Action item | Once the line containing "Kuhn HR3030 Rotační brány a půdní frézy" is located in the records below, repeat it and all lines that follow it exactly, leaving out any picture.

[Information given Boundary: Start]

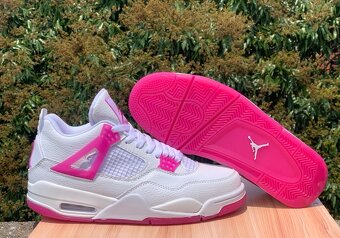 Air Jordan 4 “Hyper Violet women - 2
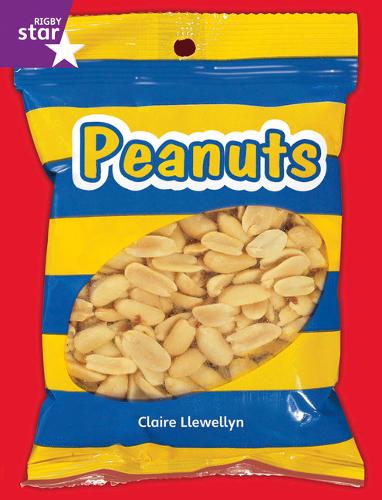 Rigby Star Guided Year 2: Purple Level: Peanuts Gui Reading Pk Framework Edition - STARQUEST (Paperback)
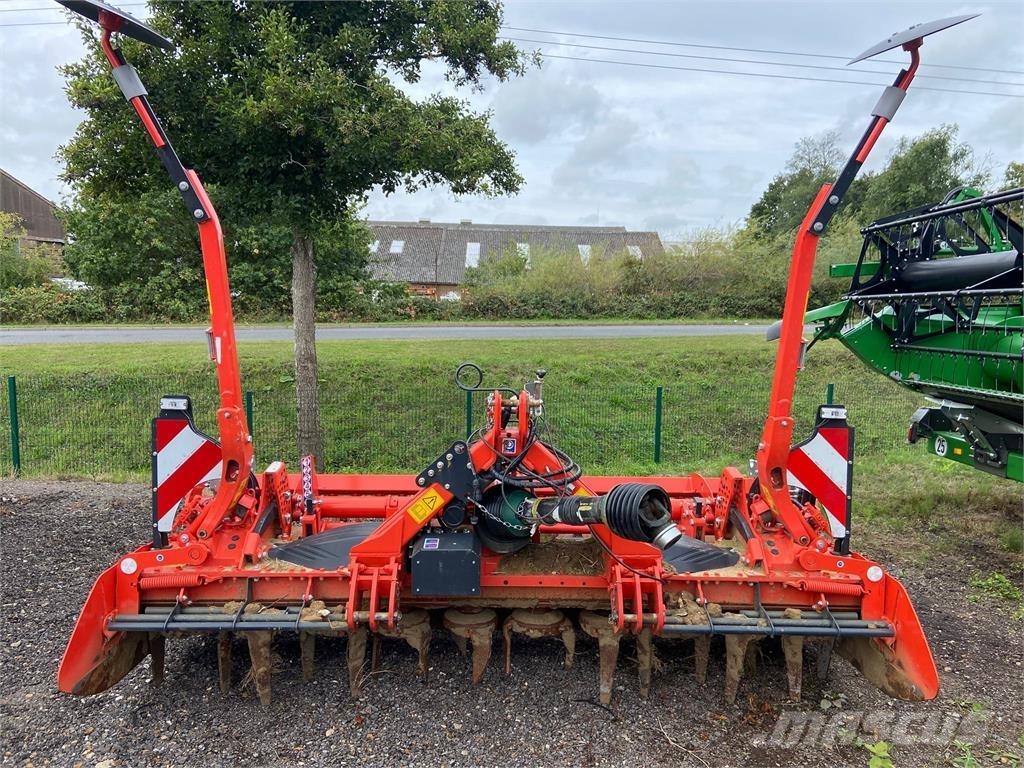 Kuhn HR3030 Rotační brány a půdní frézy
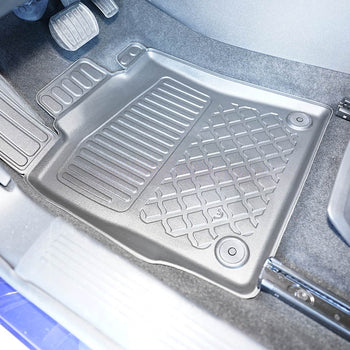 Covorase auto tip tavita Peugeot 408, an fabricatie 10.2022 - prezent, caroserie suv | 603523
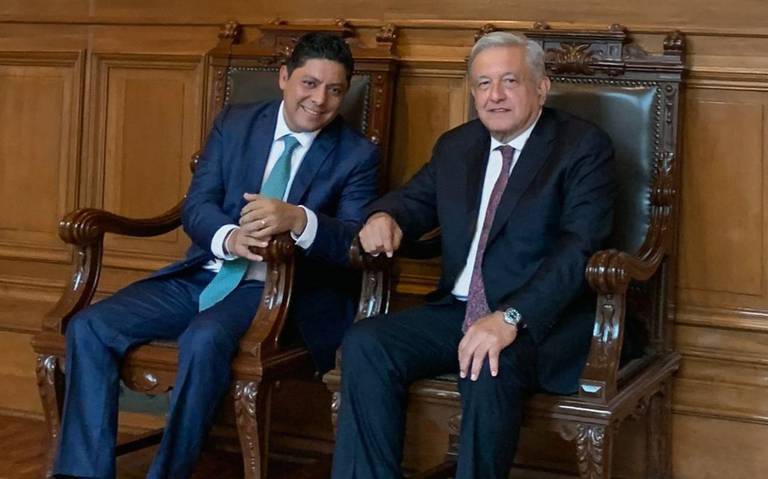 Ricardo Gallardo reafirma respaldo al presidente de México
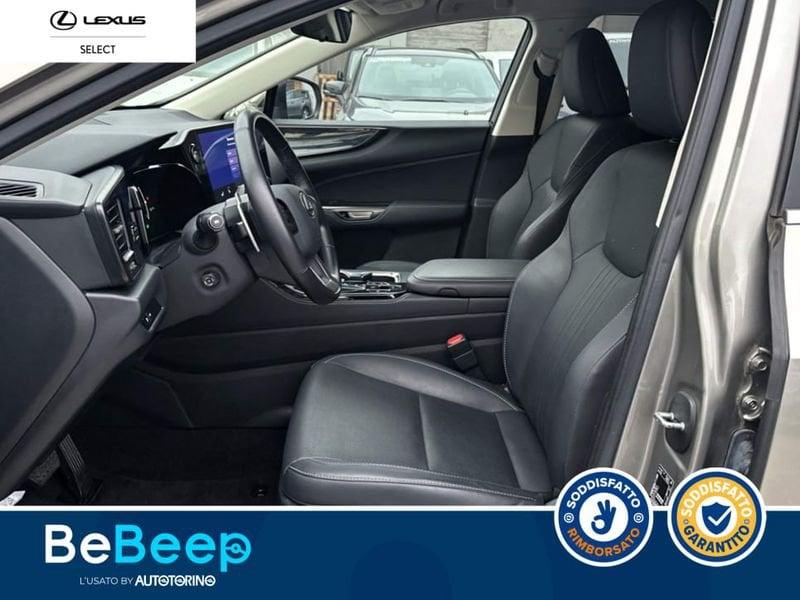 Lexus NX 350H 2.5 PREMIUM 4WD E-CVT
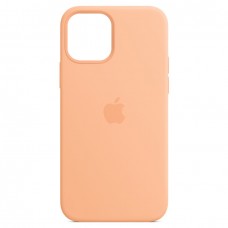 Чехол накладка TPU Armorstandart Solid Series для Apple iPhone 12 mini Cantaloupe (ARM59029)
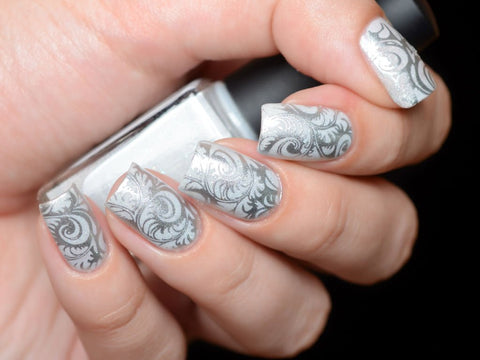 nail stamping tips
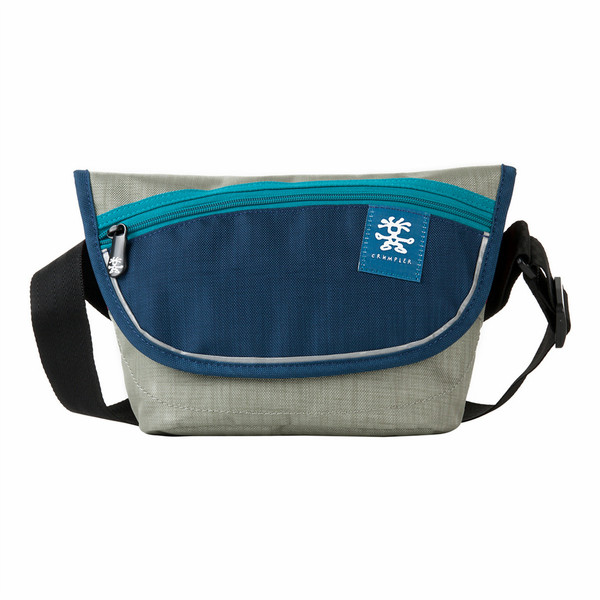 Crumpler Bagbino - Kids Sling Messenger case Blau, Grau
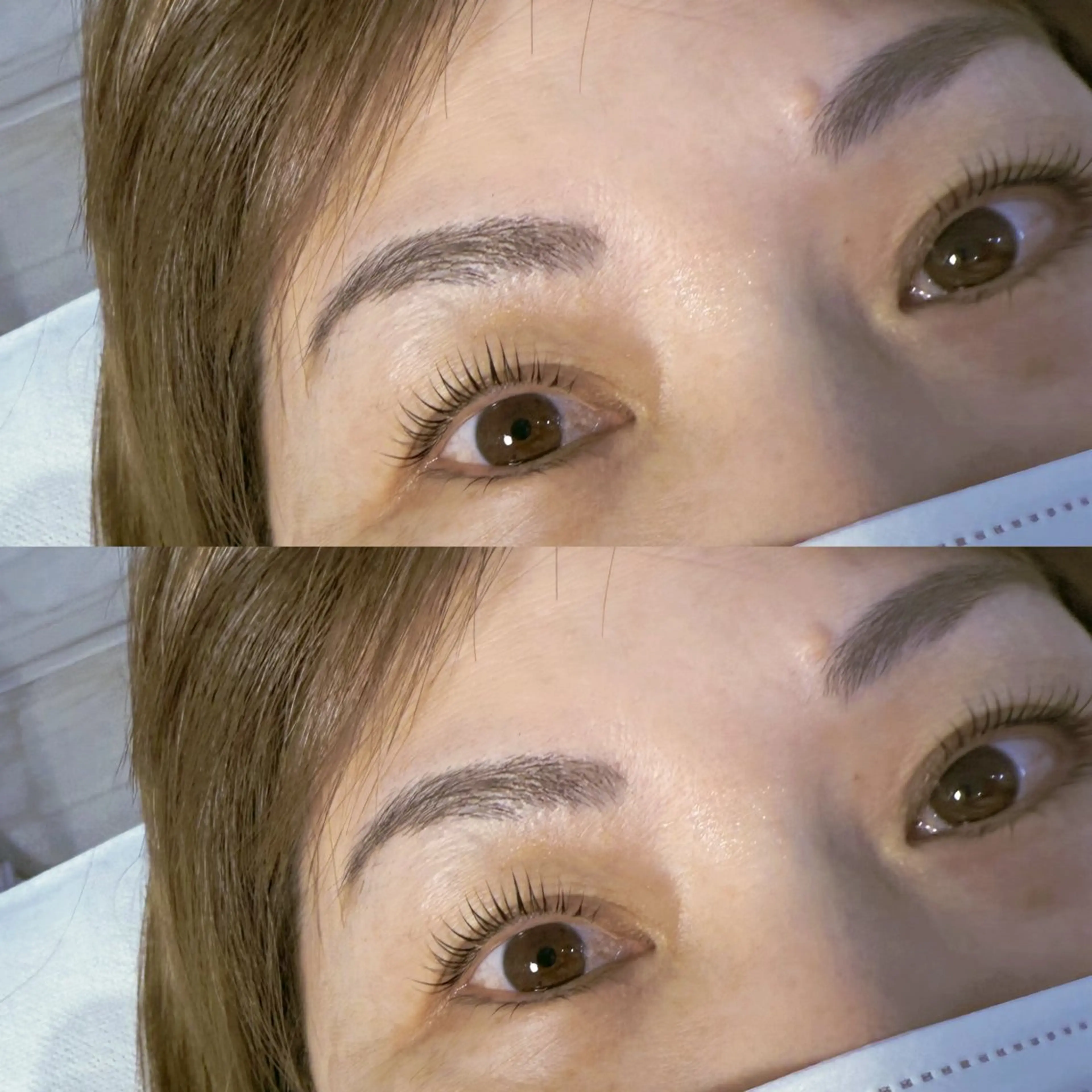 マツエク・マツパ マツパ まつパ/マツエク /眉/HBL/耳ツボのマツエク・マツパデザイン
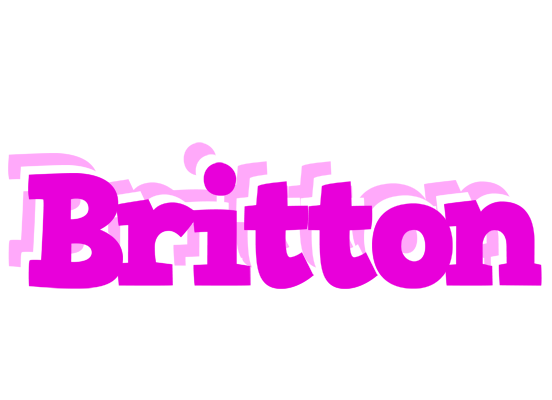 Britton rumba logo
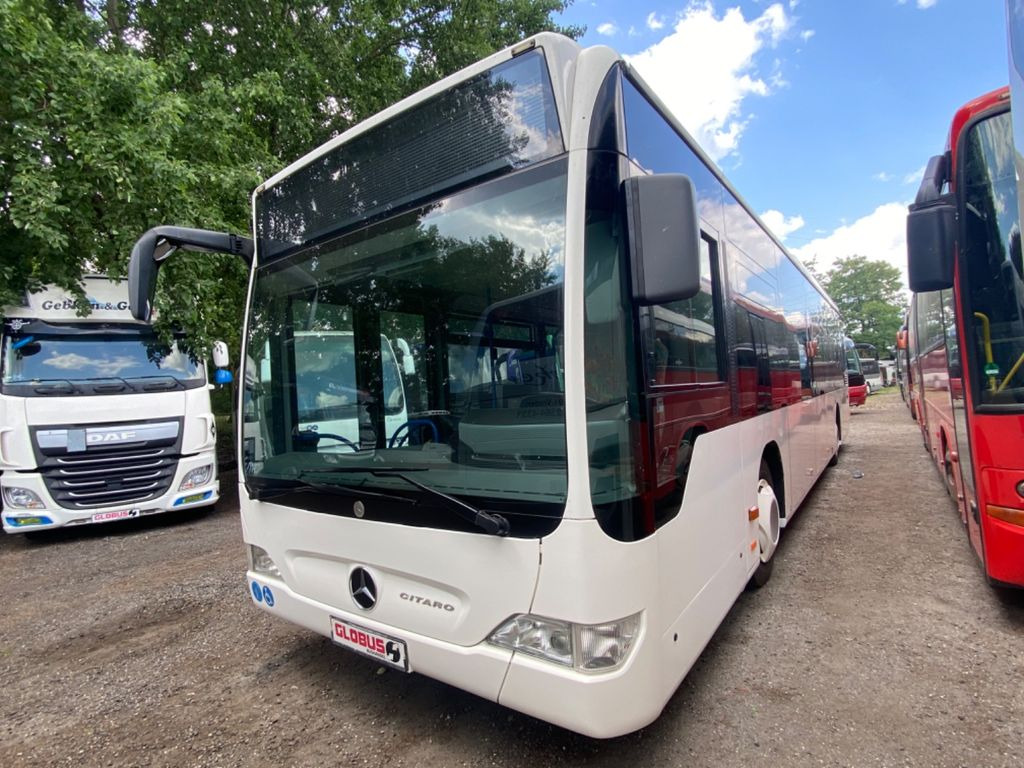 Mercedes-Benz O 530 Citaro LE (Euro 5) - Linnaliini buss: pilt 1 Mercedes-Benz O 530 Citaro LE (Euro 5) - Linnaliini buss: pilt 1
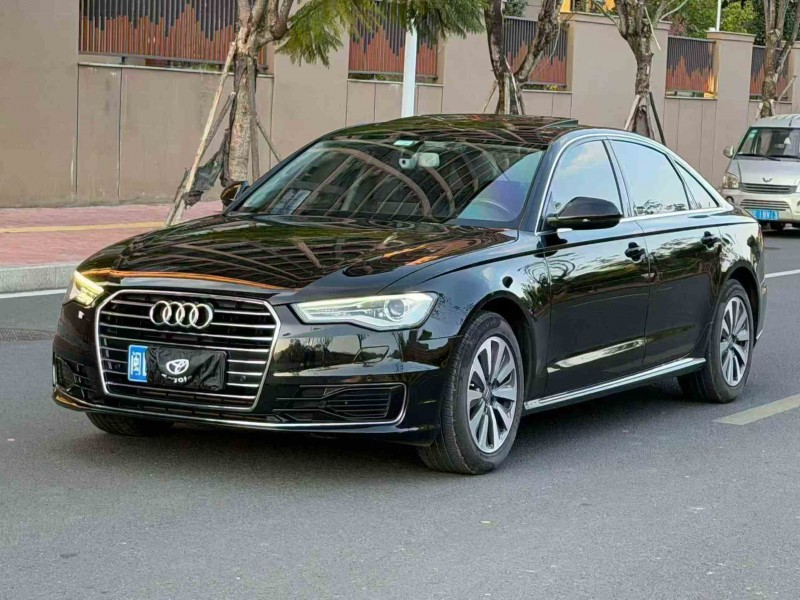 南平17年奥迪A6L3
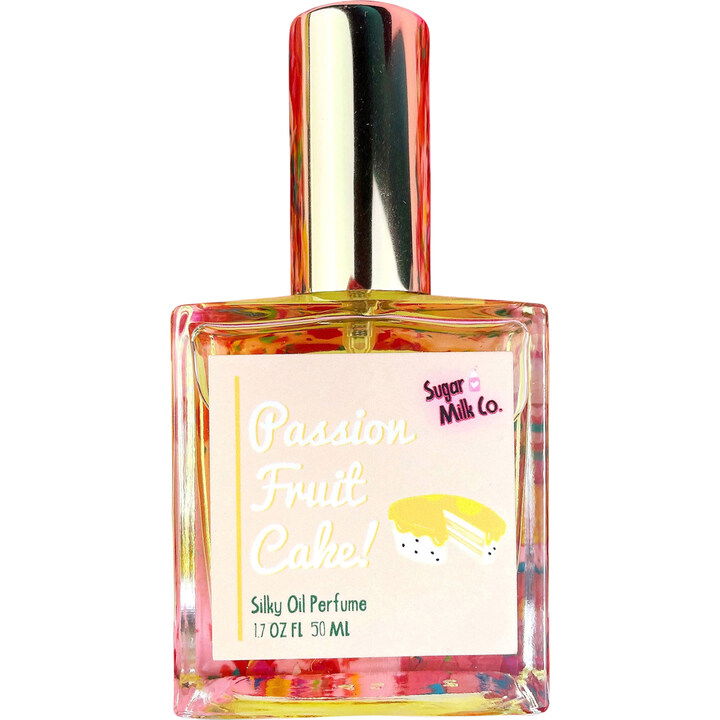 Passion Fruit Cake! by Sugar Milk! perfume bottle
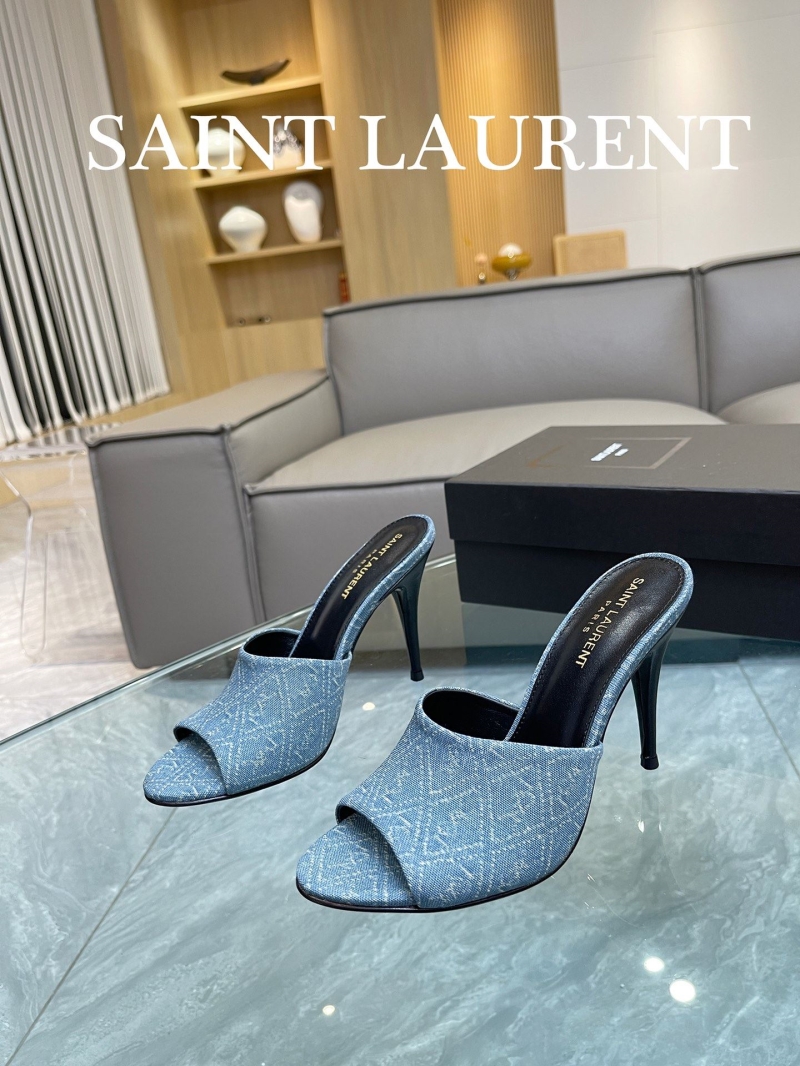 YSL Slippers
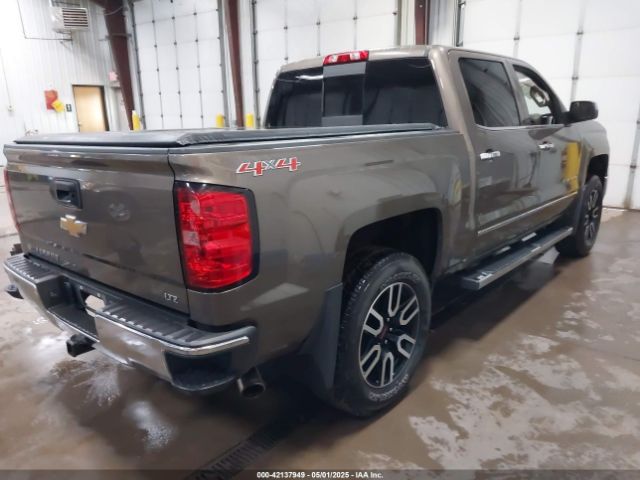3GCUKSEC5FG203982 Chevrolet Silverado 1500 1lz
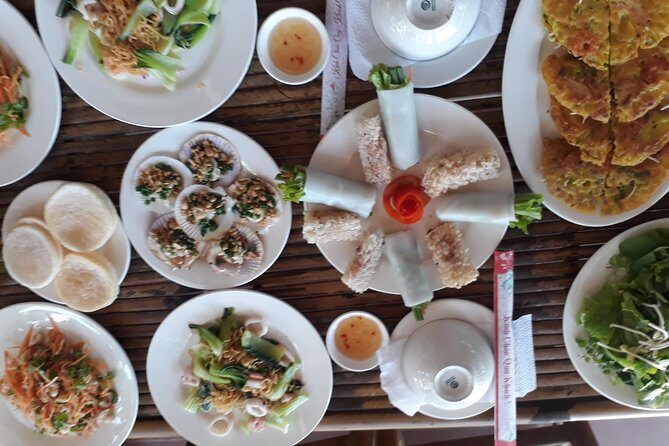 Hoi An Eco Tour Cooking Class & Fishing (Local market,basket boat,learn cooking) - The Sum Up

[Information given Boundary: End]

The answer |
 Kuhn HR3030 Rotační brány a půdní frézy
 Covorase auto tip tavita Peugeot 408, an fabricatie 10.2022 - prezent, caroserie suv | 603523
 Ricardo Gallardo reafirma respaldo al presidente de México
 Lexus NX 350H 2.5 PREMIUM 4WD E-CVT
 Чехол накладка TPU Armorstandart Solid Series для Apple iPhone 12 mini Cantaloupe (ARM59029)
 nail stamping tips
 Crumpler Bagbino - Kids Sling Messenger case Blau, Grau
 マツエク・マツパ マツパ まつパ/マツエク /眉/HBL/耳ツボのマツエク・マツパデザイン
 Britton rumba logo
 Mercedes-Benz O 530 Citaro LE (Euro 5) - Linnaliini buss: pilt 1 Mercedes-Benz O 530 Citaro LE (Euro 5) - Linnaliini buss: pilt 1
 南平17年奥迪A6L3
 Passion Fruit Cake! by Sugar Milk! perfume bottle
 YSL Slippers
3GCUKSEC5FG203982 Chevrolet Silverado 1500 1lz
 Hoi An Eco Tour Cooking Class & Fishing (Local market,basket boat,learn cooking) - The Sum Up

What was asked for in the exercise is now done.